The discovery of a Northwest Passage was pressed for to cut the traveling time of ships. Before the Panama Canal was built, ships had to go around the tip of South America to make it from the Atlantic to the Pacific or sail east and go around the bottom of Africa to finally reach the Indian and Pacific Oceans. A passage found through the waters off the far northern coast of Canada would have cut the mileage of such trips. The idea of a Northwest Passage lost some of its luster when the Panama Canal (picture above) was built and opened in the early portion of the 1900s, but still remained on people's minds. Such a passage now would enable Alaskan oil to be transported to the eastern United States and to Europe much more rapidly without nearly as much expense.
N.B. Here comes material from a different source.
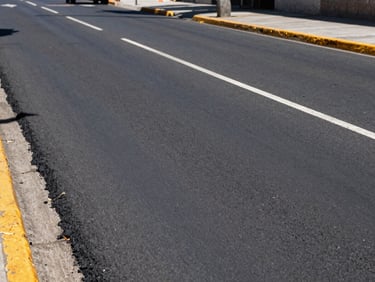 Wide-angle shot of a newly paved municipal avenue in Santiago, clean asphalt and road markings, bright daylight, industrial editorial style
It would also allow Canada to develop the wealth of natural resources located in its far northern territories and ship them to other destinations.


Sir John Franklin

While many nations, such as Spain, England, the United States and Russia, had various expeditions into this region to discover a safe route between the two oceans it was not until the mid-nineteenth century that the Northwest Passage was ardently pursued. In 1845, a British outfit led by Sir John Franklin (illustration above) disappeared while looking for the route. The true fate of the entire party may never be known, but enough evidence has been found over time to suggest that the ill-fated voyage was done in in part due to the contamination of its food supply and thick ice that blocked the way. In 1849, Robert McClure came from the Pacific side and made much progress before being trapped in the ice with his ship and crew. McClure spent three years in the region before finally being rescued. In 1906, the first voyage by sea through the Northwest Passage was made by the Norwegian explorer named Roald Amundsen, who took a herring boat through, needing three years to find the way. In 1957, Coast Guard cutters made the 4,500-mile journey in 64 days and the "SS Manhattan," a supertanker, completed the trip in 1969 to become the first ship that was able to transport a large amount of cargo to go through the Passage. But the time involved and the problems with ice made the idea of a Northwest Passage seem too impractical.

The Route

Baffin Bay

The route that ships take through the Northwest Passage begins from the Atlantic side when they sail into the huge Baffin Bay (picture above), which is located between the island of Greenland and Canada. The route then goes through what is called the Canadian Arctic Archipelago, which is a region containing more than 36,500 islands that covers some 550,000 square miles. Of these islands 94 are over 50 square miles in surface area. Once the waterways between these islands has been traversed, the ships would come into the Beaufort Sea before making their way into the Pacific through the bodies of more open water called the Chukchi and Bering Seas. Canada considers the Northwest Passage to be an internal waterway and claims it as its own, while nations, such as the United States, feel this should be declared international waters. The melting of large areas of sea ice due to the effects of global warming have made this debate heat up as well.